Can someone please explain: Assume for each $x \in \mathbb{R}$ and $A \subseteq \mathbb{R}$, that $x + A = \big\{ x + a \mid a \in A \big\}$. A and x + A are Borel sets for all $x \in \mathbb{R}$
Then, if λ is the Lebesgue measure on B, how can it be proven to be a translation invariant? So far all I have gotten is that λ(A) = λ(x + A), for all Borel sets A and for all $x \in \mathbb{R}$.
Define $f(x+y)=y, \:y\in A$. Clearly $f$ is continuous and so Borel. Thus $f^{-1}(A)$ is Borel set if A is Borel set.

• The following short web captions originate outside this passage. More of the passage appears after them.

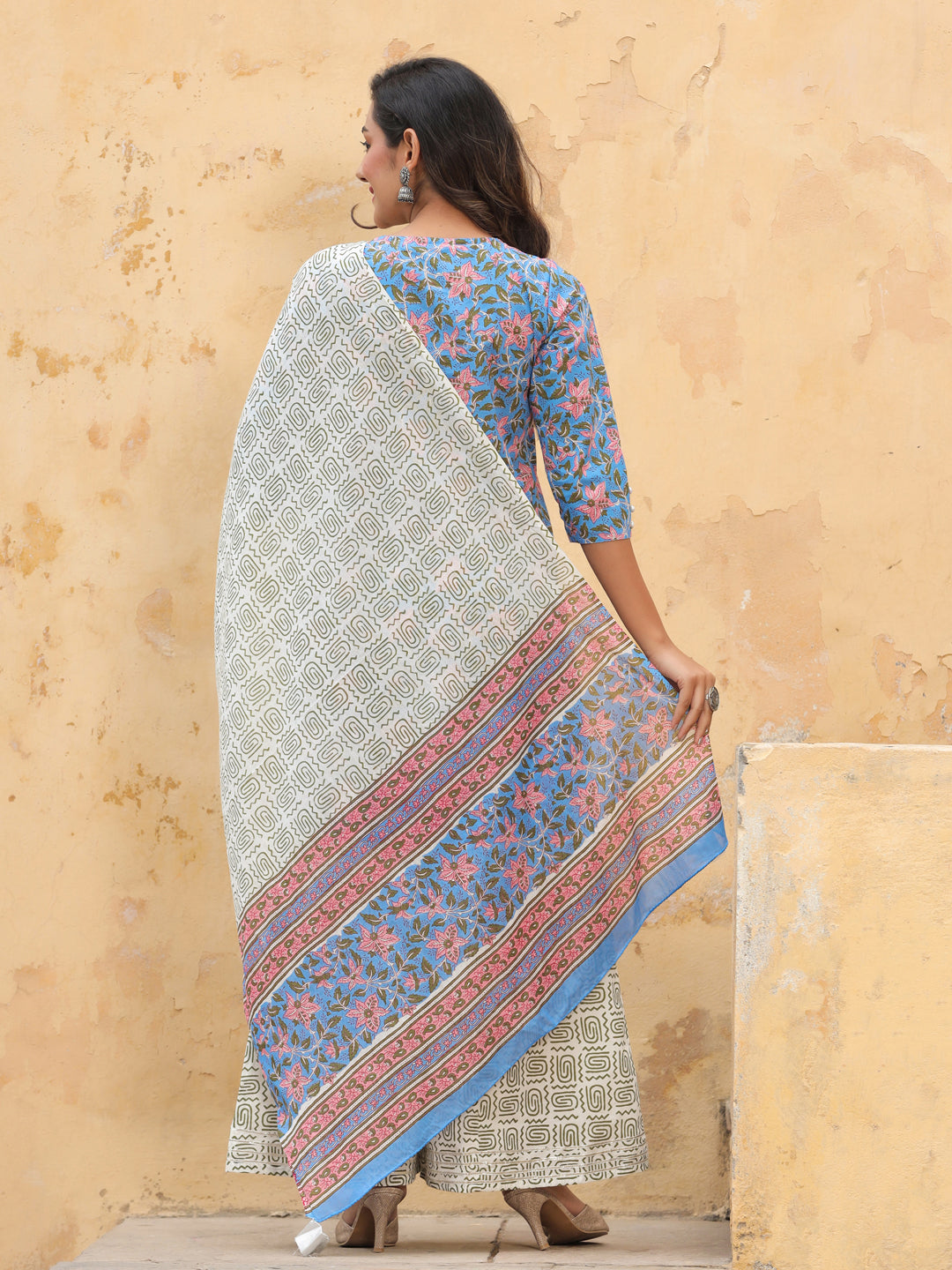 Blue Ethnic Print Straight Cotton Kurta With Palazzo And Dupatta
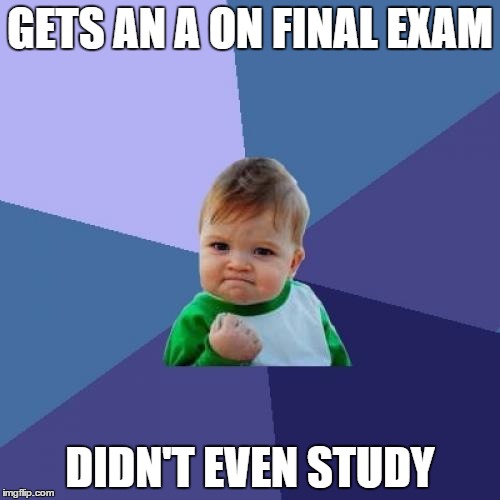 Success Kid Meme | GETS AN A ON FINAL EXAM DIDN'T EVEN STUDY | image tagged in memes,success kid | made w/ Imgflip meme maker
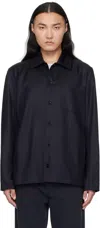 Apc A.p.c. Button-up Jacket With Structured Collar And Chest Pocket In Iak Dark Navy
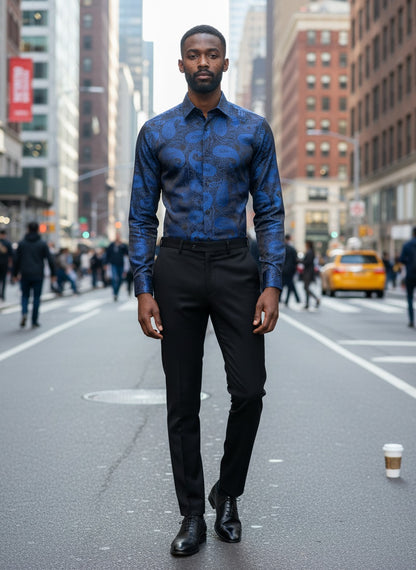 Men’s Patterned Dress Shirt Blue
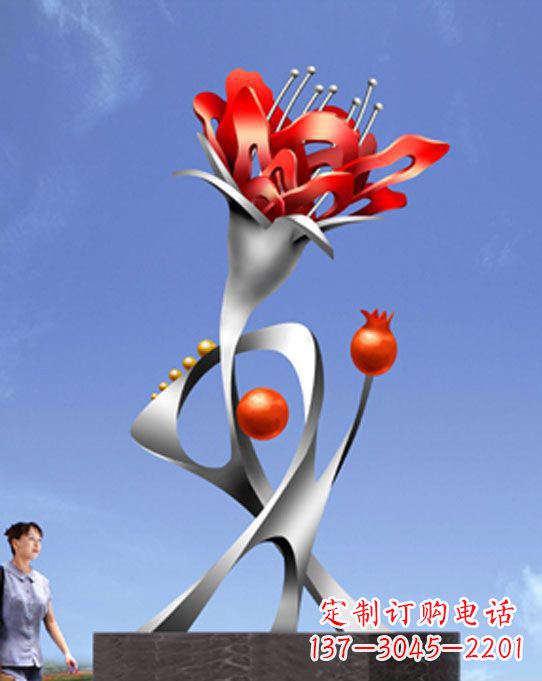 江西精美不锈钢石榴花雕塑,震撼了审美的眼睛
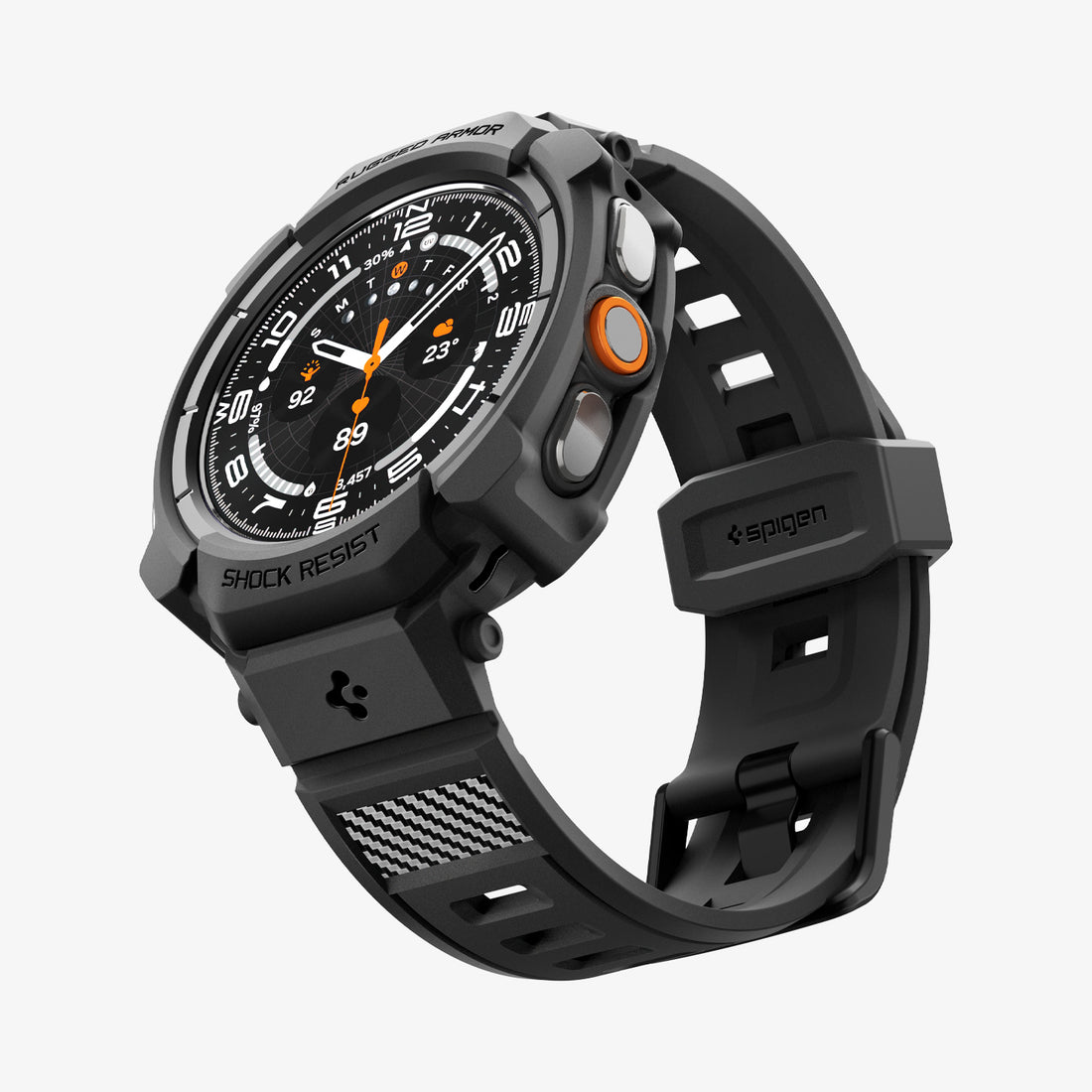 ACS11612 - Galaxy Watch Ultra Series - Rugged Armor Pro showing an angled view of the Galaxy Watch Ultra with the Rugged Armor Pro case worn on a wrist.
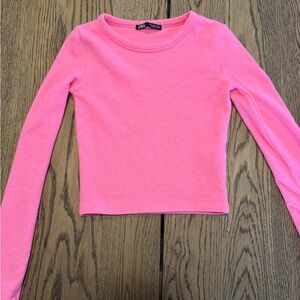 Zara Bright Pink Long Sleeve Fitted Tee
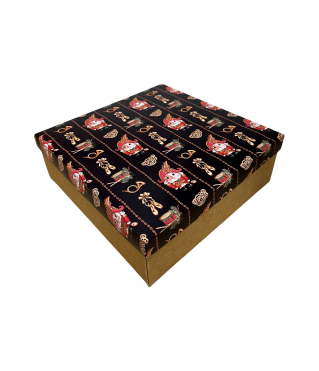 Коробка подарочная 270*180*50 мм, дизайн МО2025-14 с крафт/белым дном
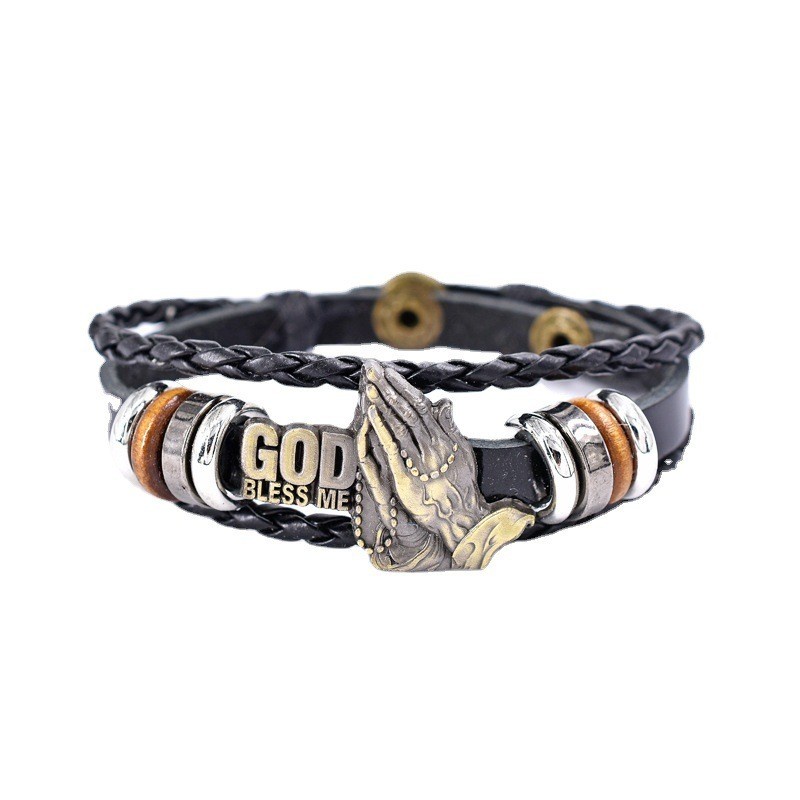 [X C Gelang] Baru Doa Allah Tangan Gelang Kulit Hitam Vintage Hip Hop Punk Gelang Kulit Lengan Manik-Manik Multilayer Zinc Alloy Anyaman Gelang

Since $\{x:f(x+y)<c\}=\{x:f(x)<c-y\}$, $f$ is also Lebesgue measurable.
For translation invariance:
Let $E \subset \Bbb{R}$ be Lebesgue measurable. Then if the measure is infinite the case is obvious, so suppose its finite and
$$\lambda(E):=\inf\{\sum_{n \in \Bbb{N}}l((a_n,b_n)): E \subset \cup_{n \in \Bbb{N}}(a_n,b_n): l((a_n,b_n))=b_n-a_n\},$$
exists. So we have that
$$E \subset \bigcup_{n \in \Bbb{N}}(a_n,b_n).$$
Then for any $x \in \Bbb{R}$, one has (and this is clear to see set theoretically):
$$E+x \subset \bigcup_{n \in \Bbb{N}}(a_n+x,b_n+x).$$
But then,
\begin{align} l((a_n+x,b_n+x))&=b_n+x-(a_n+x)\\ &=b_n+x-a_n-x\\ &=b_n-a_n\\ &=l((a_n,b_n)). \end{align}
Thus the lengths of the intervals covering $E$ and $E+x$ are the same so taking an infimum yield the same result forcing $\lambda(E)=\lambda(E+x)$ as needed.
Also, this follows if you cover $E$ by unions of $(a_n,b_n]$ or $[a_n,b_n]$ or $[a_n,b_n)$ as these all have same Lebesgue measure as singletons have Lebesgue measure zero.